Field Marshall Viscount Slim was referred to by Admiral of the Fleet Earl Mountbatten, who was Supreme Allied Commander of Southeast Asia, as "the finest general World War II produced". After the war he was head of the Imperial General Staff, Britain’s top military post, from 1948 to 1952, and was governor general of Australia from 1952 to 1960. This article is reprinted from a 1945 issue of Phoenix, the South East Asia Command magazine.
Again - not just he accomplishments on the field of battle - but his thoughts on leadership demand thought. Nothing radical or new - but they need repeating and if you want to know what makes successful people successful, listen to what got them there.

Want to be successful? Start by benchmarking the best.
Officers are there to lead

Then Slim relates at one critical point in the retreat in a jungle clearing he came across a unit which was in a bad way. "I took one look at them and thought ‘My God, they’re worse than I supposed.’ Then I saw why.

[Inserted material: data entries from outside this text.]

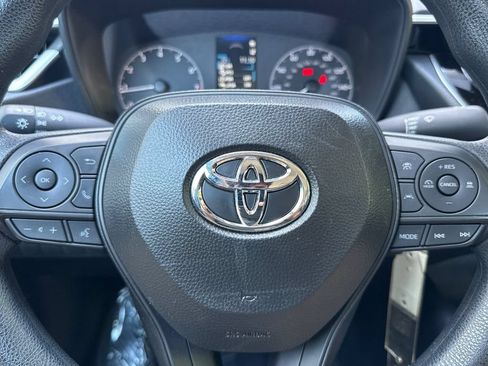 Used 2025 Toyota Corolla LE FWD image 21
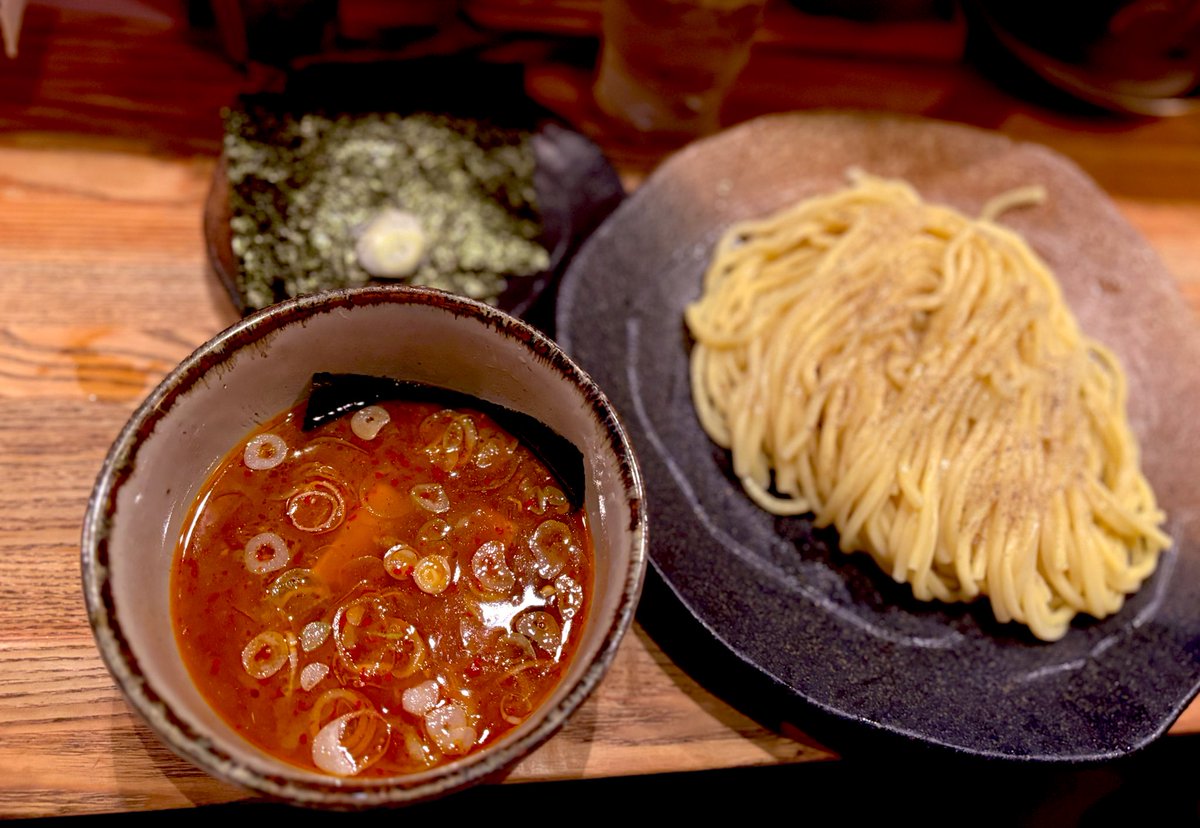 今日も開幕から忙しかった…
今週はとりあえず一つ目の山場なんで気合い入れてこ
やすべえ、辛み、中盛り、肉抜き、海苔の安定エネルギーフードでパワーチャージ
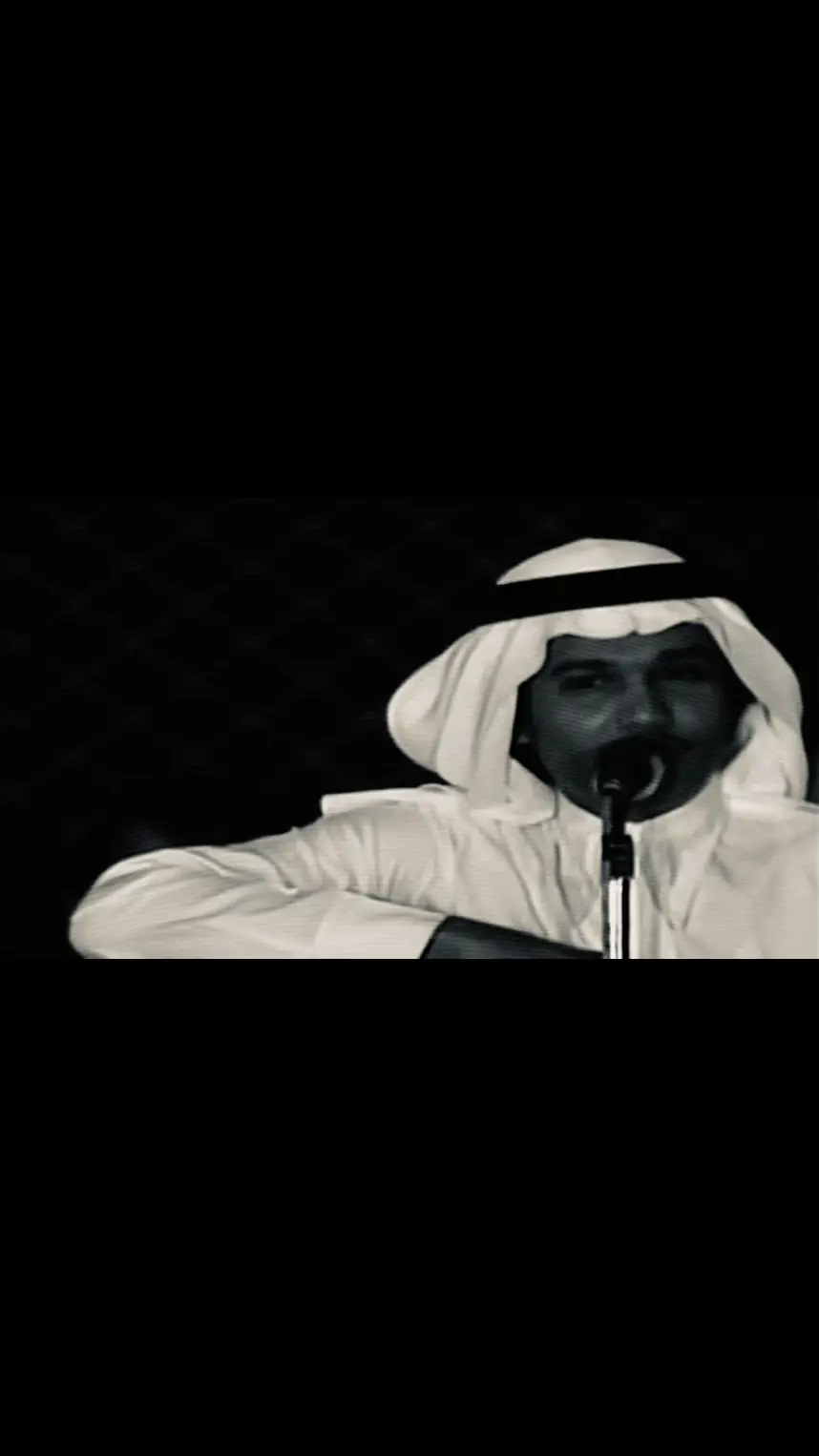 حطني جوا بعيونك شوف بيا الدنيا كيف أحلي من شوقي وجنونك لما جيلك يوم ضيف والله واحشني زمانك جلستك، حضنك، حنانك حطني جوا بعيونك شوف بيا الدنيا كيف حطني، حطني، حطني جوا بعيونك - #greenscreen #4u #abdu #3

I walked round the corner of that clearing and I saw officers making themselves a bivouac. They were just as exhausted as their men, but that isn’t my point. Officers are there to lead. I tell you, therefore, as officers, that you will neither eat, nor drink, nor sleep, nor smoke, nor even sit down until you have personally seen that your men have done those things. If you will do this for them, they will follow you to the end of the world. And, if you do not, I will break you."

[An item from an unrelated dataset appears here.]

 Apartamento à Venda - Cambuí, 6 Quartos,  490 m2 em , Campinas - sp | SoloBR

The General stepped down from the ammunition box and replaced his hat. The division rose as one man, and cheered him. A few weeks later, these troops were to cross the frontier river at the point Slim had led his indomitable, ragged rearguard three years before. They dug up the tank guns which the old army had buried there when they abandoned their tanks, and they used those guns to blast open the road to Mandalay.

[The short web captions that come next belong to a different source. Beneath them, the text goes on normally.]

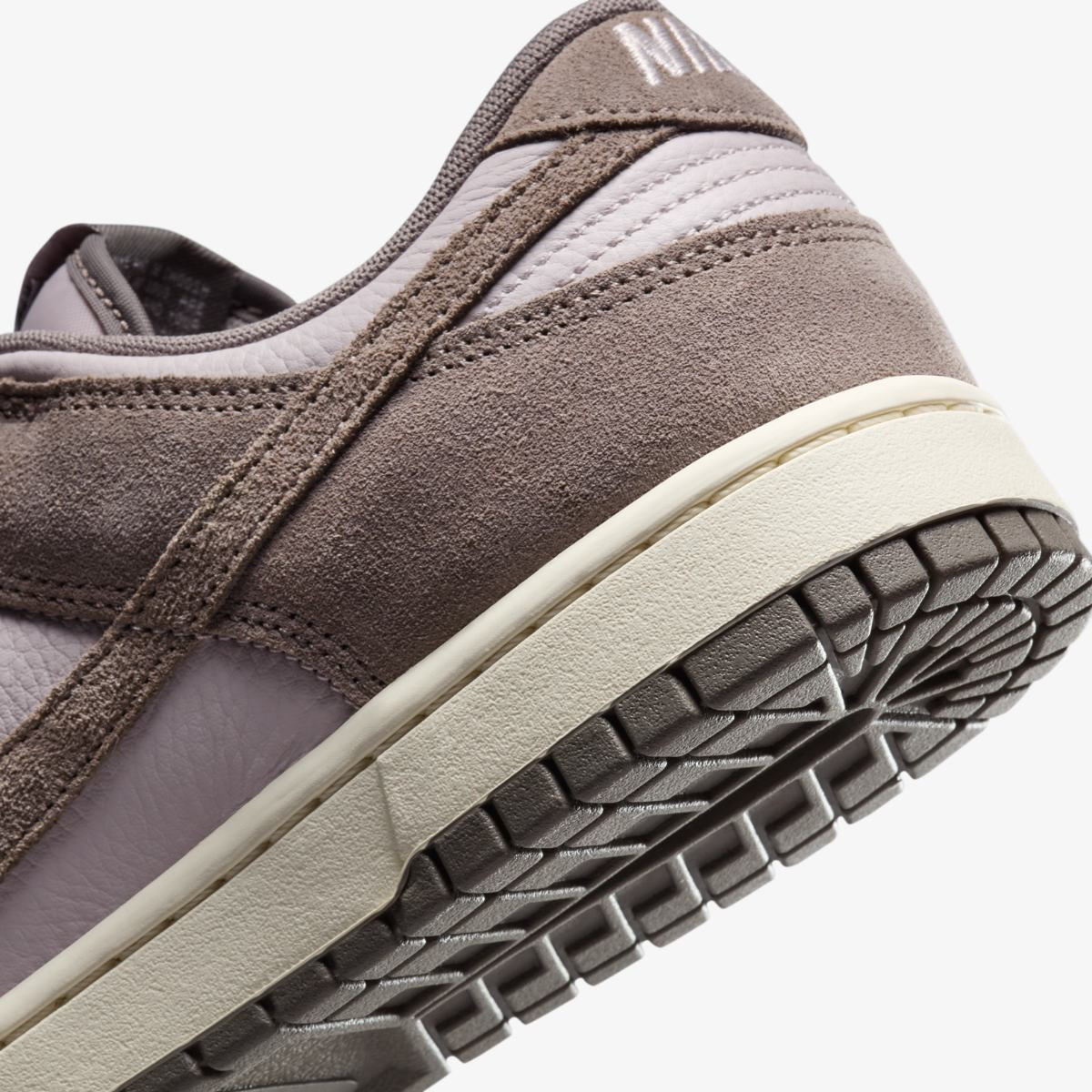 Кросівки жіночі Nike Dunk Low Retro Suede Mocha FQ8249-001 41 FQ8249-001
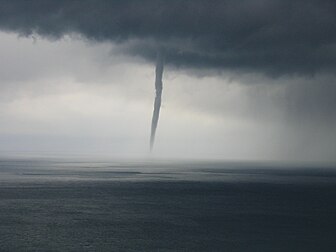 Trombe marine photographiée depuis le pont Rion-Antirion, en Grèce, le 15 décembre 2007. (définition réelle 1 024 × 768)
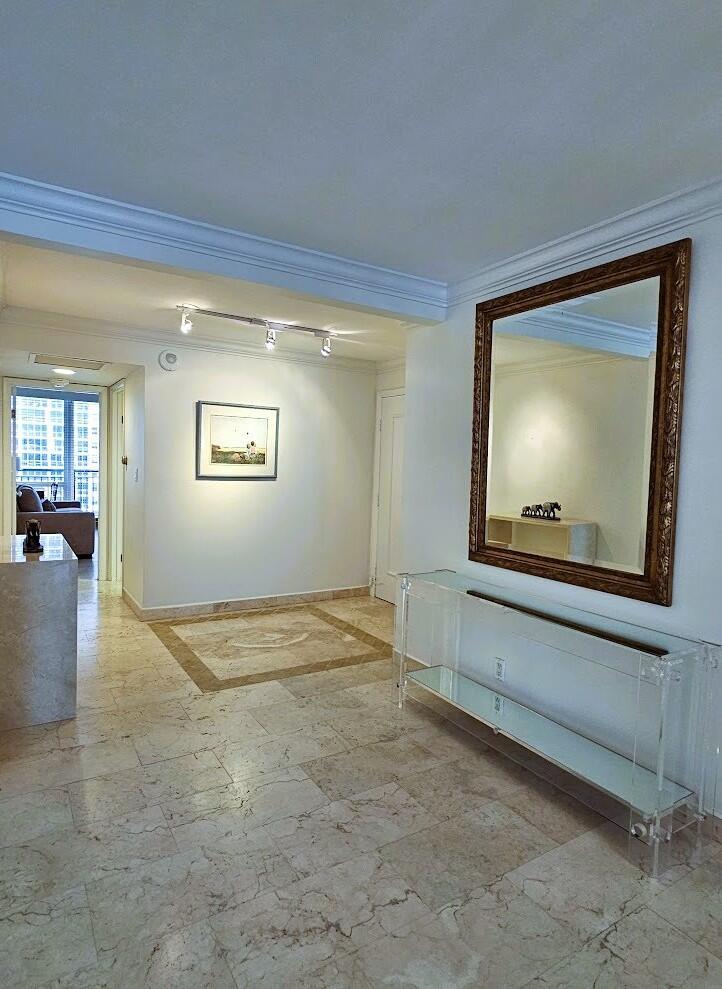Image 2: Entry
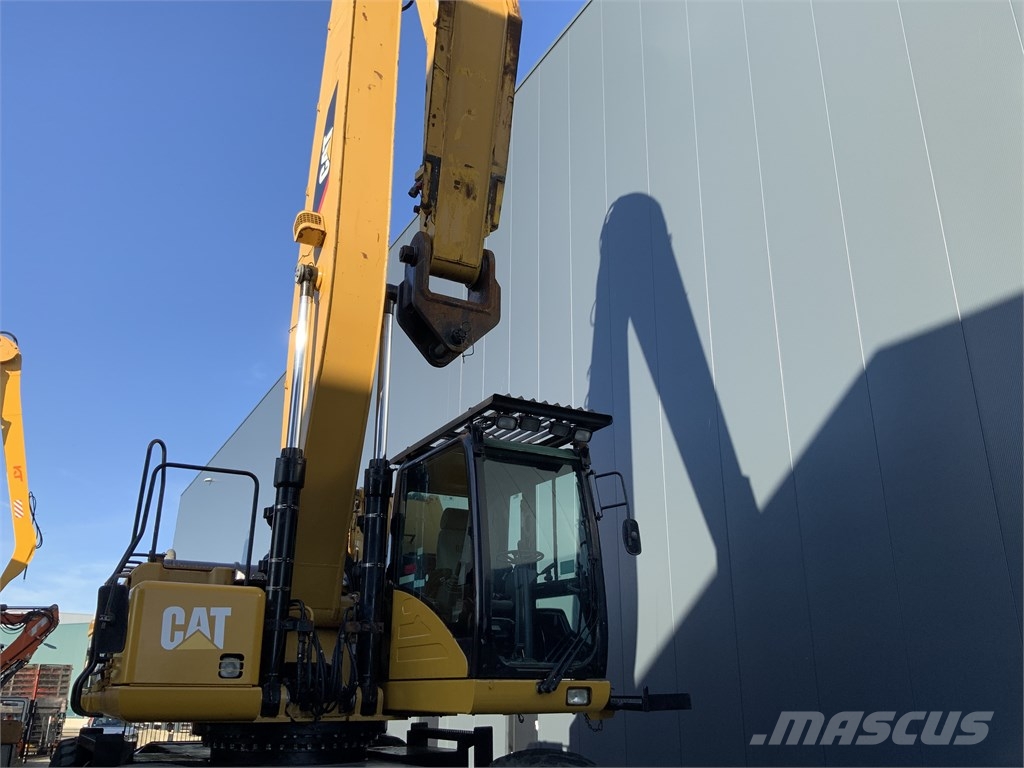 CAT 325 D MH Waste / industry handlers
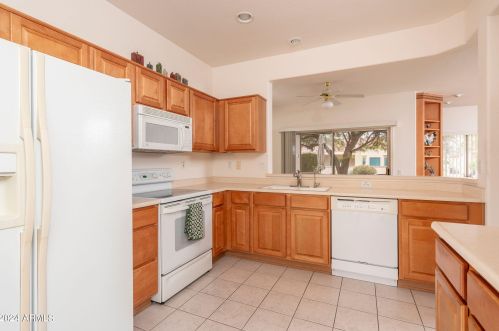 15353 Pantano Dr, Sun City, AZ 85374-2086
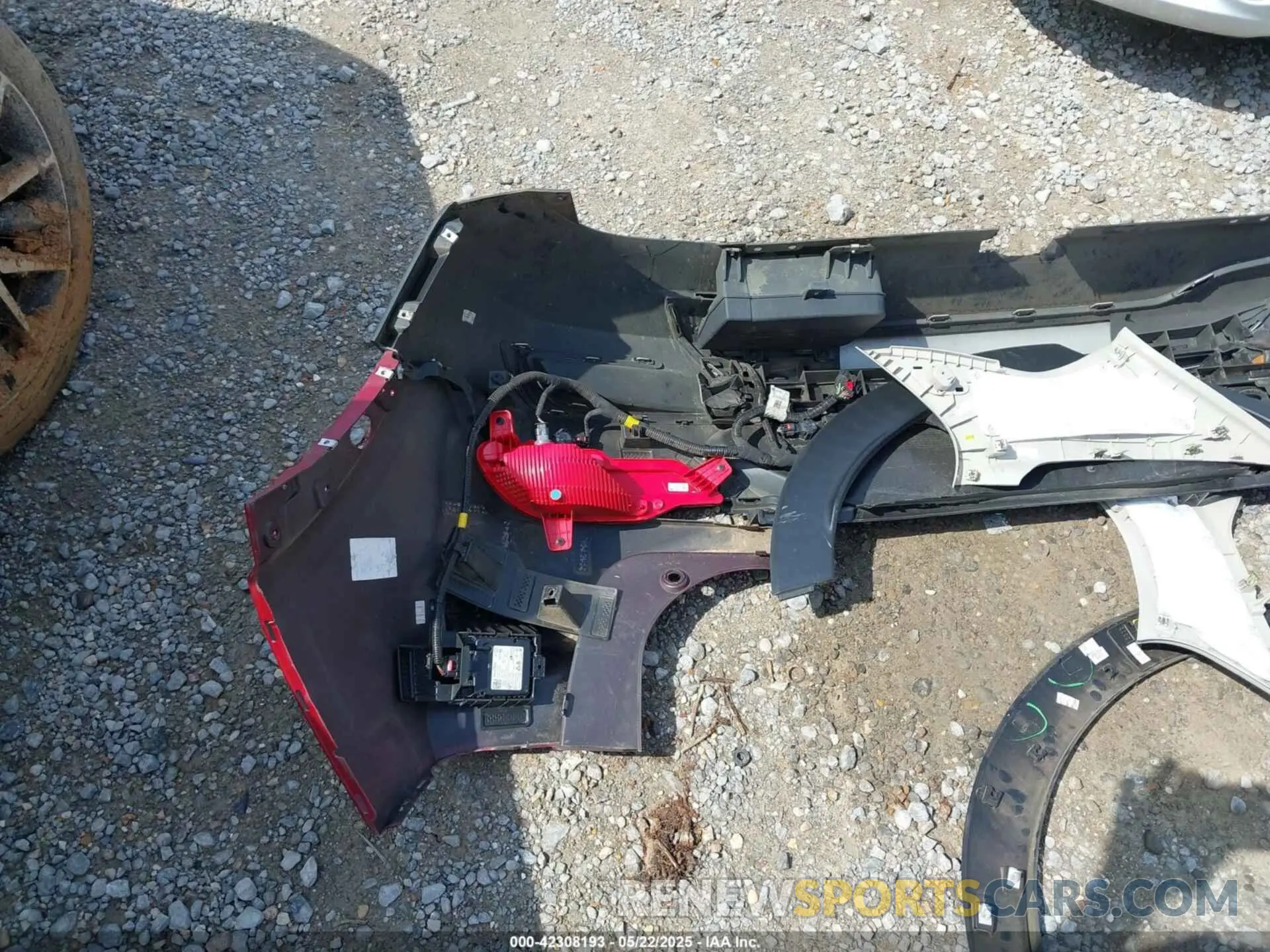12 Фотография поврежденного автомобиля KL4MMDS22MB121158 BUICK ENCORE GX 2021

The spirit which Slim breathed into that division, on that blue, sunny morning in Palel inspires the whole of the 14th Army. His victorious host has now marched back a thousand miles, planted its battle flags on the citadel of Mandalay and above the capitol city of Rangoon, killing 100,000 Japanese on the way. Their achievement must be attributed in large degree to the character of their Commander. Slim does not court popularity, and he hates publicity. But he inspires trust. The man cares deeply for his troops, and they are well aware that their well-being is his permanent priority. The 14th Army has never been out of his mind since that day nearly two years ago when Mountbatten appointed him to the command. Of the Mountbatten-Slim partnership history will record that it was one of the rock foundations of our Jungle Victory.

Slim talks little and swears less, but one day at Army Headquarters the roof lifted when he received a demand that mules should be installed in concrete floor stables in a training camp, well in the rear. "My men are sleeping on earth, and often on something worse. What’s good enough for British soldiers is good enough for mules of any nationality." Slim set his Army hard tasks, but none have been beyond their power. After the great battles of Imphal and Kohima, where five Japanese divisions were destroyed, Slim called on his exhausted soldiers to carry on relentless, final pursuit. "So great were the dividends that could accrue," he confesses, "that I asked for the impossible - and got it!

Slim affirms "that the fighting capacity of every unit is based upon the faith of soldiers in their leaders; that discipline begins with the officer and spreads downward from him to the soldier; that genuine comradeship in arms is achieved when all ranks do more than is required of them. ’There are no bad soldiers, only bad officers,’ is what Napoleon said, and though that great man uttered some foolish phrases, this is not one."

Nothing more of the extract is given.